Dans quelques semaines, avec la maison des éditions, on accueillera Bye Bye Binary à l’occasion de l’exposition Lettres d’amour.

Je recommande allègrement la lecture de La typographie post-binaire, au-delà de l’écriture inclusive de Camille Circlude. C’est un livre utile, éclairant et plein de mille questions. Entre autres, celles du pouvoir de la langue, de sa norme et de notre capacité à la transgresser, à trouver des biais et des fêlures, des échappatoires et des terrains de lutte. À y injecter des formes étranges, discètes ou monstrueuses, à y signaler nos anormalités.
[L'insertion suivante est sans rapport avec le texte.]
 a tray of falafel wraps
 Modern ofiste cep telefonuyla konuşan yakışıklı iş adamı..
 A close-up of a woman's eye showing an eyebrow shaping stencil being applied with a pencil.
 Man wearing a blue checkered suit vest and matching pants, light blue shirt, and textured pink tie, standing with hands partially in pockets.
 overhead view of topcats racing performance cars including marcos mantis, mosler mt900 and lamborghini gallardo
Je doute d’avoir l’occasion de citer ces mots lors de la table-ronde à laquelle on les invite, mais je pense fort à la Leçon de Roland Barthes. J’ai peu d’objectivité vis à vis de ce texte, rencontré dans un moment de climax amical, à l’occasion de la transmission d’un relai dont je porte aujourd’hui la charge, avec tant de respect et le sentiment d’une profonde responsabilité. Comprenne qui pourra.
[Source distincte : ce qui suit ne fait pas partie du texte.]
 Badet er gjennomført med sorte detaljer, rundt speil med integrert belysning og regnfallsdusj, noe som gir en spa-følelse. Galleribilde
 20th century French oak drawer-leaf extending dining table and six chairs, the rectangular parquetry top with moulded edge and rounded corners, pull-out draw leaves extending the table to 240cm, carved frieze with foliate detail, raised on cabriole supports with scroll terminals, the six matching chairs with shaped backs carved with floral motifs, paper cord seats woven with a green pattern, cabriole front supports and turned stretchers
Alors, quelques phrases de cette leçon.

Mais la langue, comme performance de tout langage, n’est ni réactionnaire, ni progressiste ; elle est tout simplement : fasciste ; car le fascisme, ce n’est pas d’empêcher de dire, c’est d’obliger à dire.

Dès qu’elle est proférée, fût-ce dans l’intimité la plus profonde du sujet, la langue entre au service d’un pouvoir. En elle, immanquablement, deux rubriques se dessinent : l’autorité de l’assertion, la grégarité de la répétition. D’une part la langue est immédiatement assertive : la négation, le doute, la possibilité, la suspension de jugement requièrent des opérateurs particuliers qui sont eux-mêmes repris dans un jeu de masques langagiers ; ce que les linguistes appellent la modalité n’est jamais que le supplément de la langue, ou ce par quoi, telle une supplique, j’essaye de fléchir son pouvoir implacable de constatation. D’autre part, les signes dont la langue est faite, les signes n’existent que pour autant qu’ils sont reconnus, c’est à dire pour autant qu’ils se répètent ; le signe est suiviste, grégaire ; en chaque signe dort ce monstre : un stéréotype : je ne puis jamais parler qu’en ramassant ce qui traîne dans la langue. Dès lors que j’énonce, ces deux rubriques se rejoignent en moi, je suis à la fois maître et esclave : je ne me contente pas de répéter ce qui a été dit, de me loger confortablement dans la servitude des signes : je dis, j’affirme, j’assène ce que je répète.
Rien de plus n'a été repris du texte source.